Wie gesagt, deinen Vorschlag habe ich schonmal getestet, das hat aber nicht hingehauen.
Vllt könntest du mir in einem kurzem Codebeispiel zeigen wie du das genau meinst?


----------



## Fu3L (25. Mai 2012)

Pack mal das JLabel auf ein extra Panel. Also du fügst ein Panel zur GUI hinzu anstelle des Labels und dann die Labels immer auf dieses extra Panel. Wenn du nun für dieses Panel repaint() aufrufst könnte es sein, dass der Rest ausgespart wird.


----------



## Marco13 (25. Mai 2012)

Das setIcon müßte wohl auch mit SwingUtilities auf dem EDT gemacht werden, falls das nicht schon durch einen Buttonklick oder so ausgelöst wird. Ansonsten... beschreibe mal das "Flackern" genauer... die Kristallkugel in meinem Bauch sagt: Füg' mal in der main als erste Zeile
System.setProperty("sun.awt.noerasebackground", "true");
ein... aber die irrt sich auch manchmal


----------



## bob_sheknowdas (29. Mai 2012)

Fu3L hat gesagt.:


> Pack mal das JLabel auf ein extra Panel. Also du fügst ein Panel zur GUI hinzu anstelle des Labels und dann die Labels immer auf dieses extra Panel. Wenn du nun für dieses Panel repaint() aufrufst könnte es sein, dass der Rest ausgespart wird.



Das hat leider nicht den gewünschten Erfolg gebracht. In meinem richtigen Programm hatte ich das sogar schon so umgesetzt. Nur für das KKB war ich zu faul das mit aufzunehmen.




Marco13 hat gesagt.:


> Das setIcon müßte wohl auch mit SwingUtilities auf dem EDT gemacht werden, falls das nicht schon durch einen Buttonklick oder so ausgelöst wird.
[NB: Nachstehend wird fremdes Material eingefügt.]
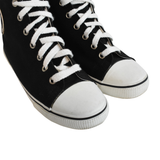 Chanel High-Top Sneakers - Women's 38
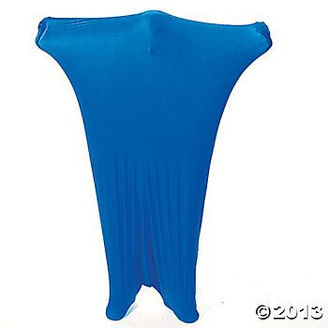 Guante corporal para estimular el sistema propioceptivo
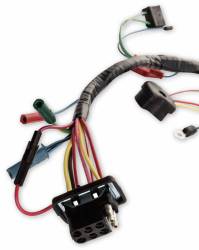 Scott Drake - 1966 Mustang Main Underdash Wire Harness Kit - Image 7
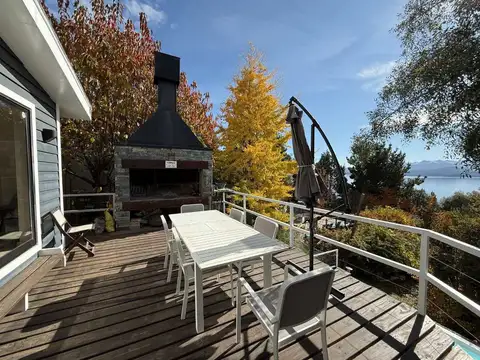 Casa en Venta en San Carlos de Bariloche, Bariloche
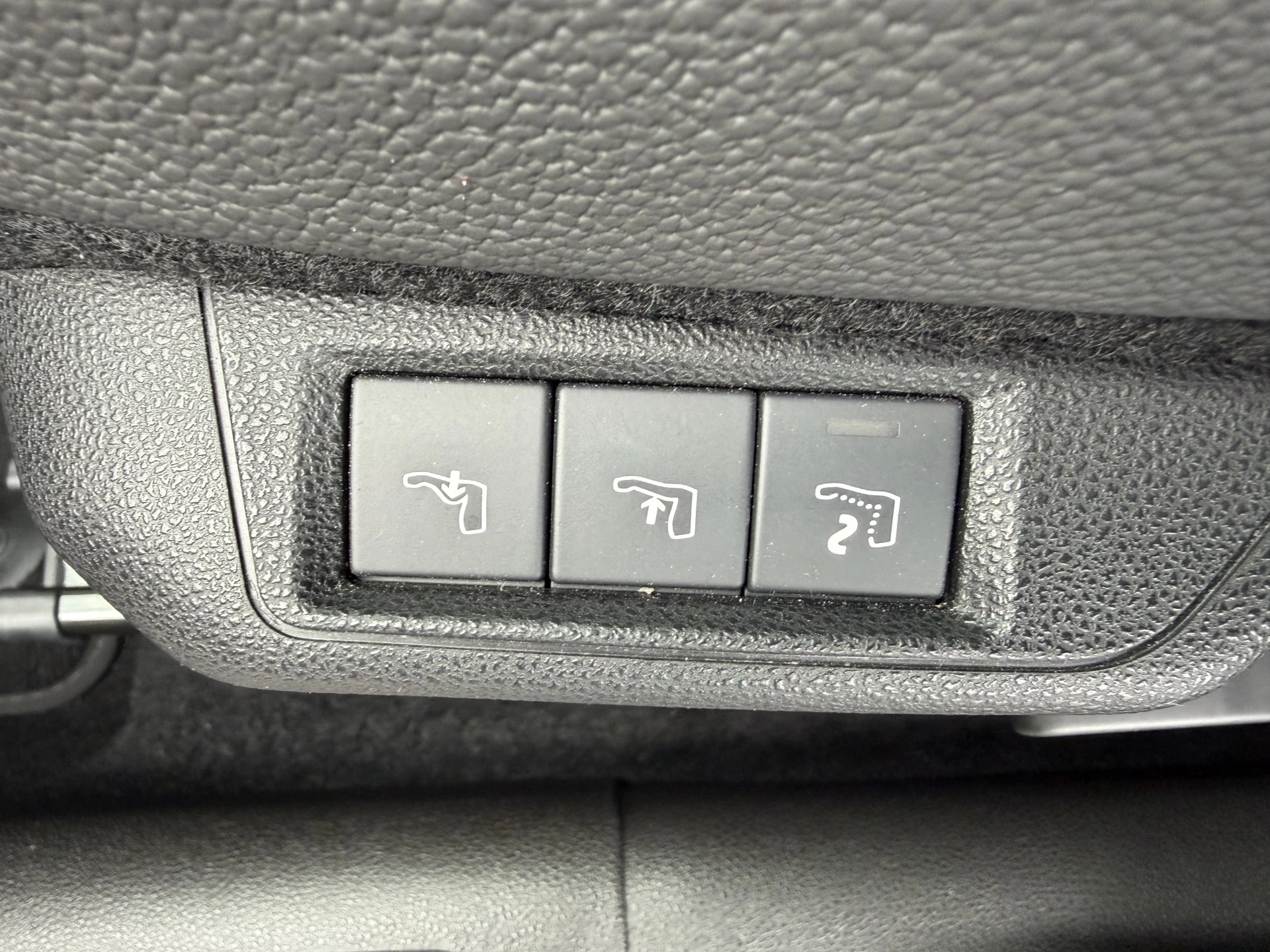 Hoofdafbeelding Jeep Avenger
Ansonsten... beschreibe mal das "Flackern" genauer... die Kristallkugel in meinem Bauch sagt: Füg' mal in der main als erste Zeile
> System.setProperty("sun.awt.noerasebackground", "true");
> ein... aber die irrt sich auch manchmal



Schonmal über eine Kariere als professioneller Wahrsager nachgedacht  -  die richtigen Utensilien scheinst du ja schon zu haben 
Das System.set... funktioniert wie gewünscht, vielen Dank dafür.
Kannst du mir noch erklären, was der Befehl auslöst?


----------



## Marco13 (29. Mai 2012)

Sooo genau kann ich das auch nicht (und ich bin nicht sicher, ob es überhaupt jemand kann  ). Man findet im Netzt einiges dazu. Im wesentlichen gilt so diese "Faustregel": Wenn irgendwas mit OpenGL (also auch Java3D) immer mal so grau aufflackert (oder grau bleibt und erst bei einem Neuzeichnen was zu sehen ist) hilft meistens diese magische Zeile ....


----------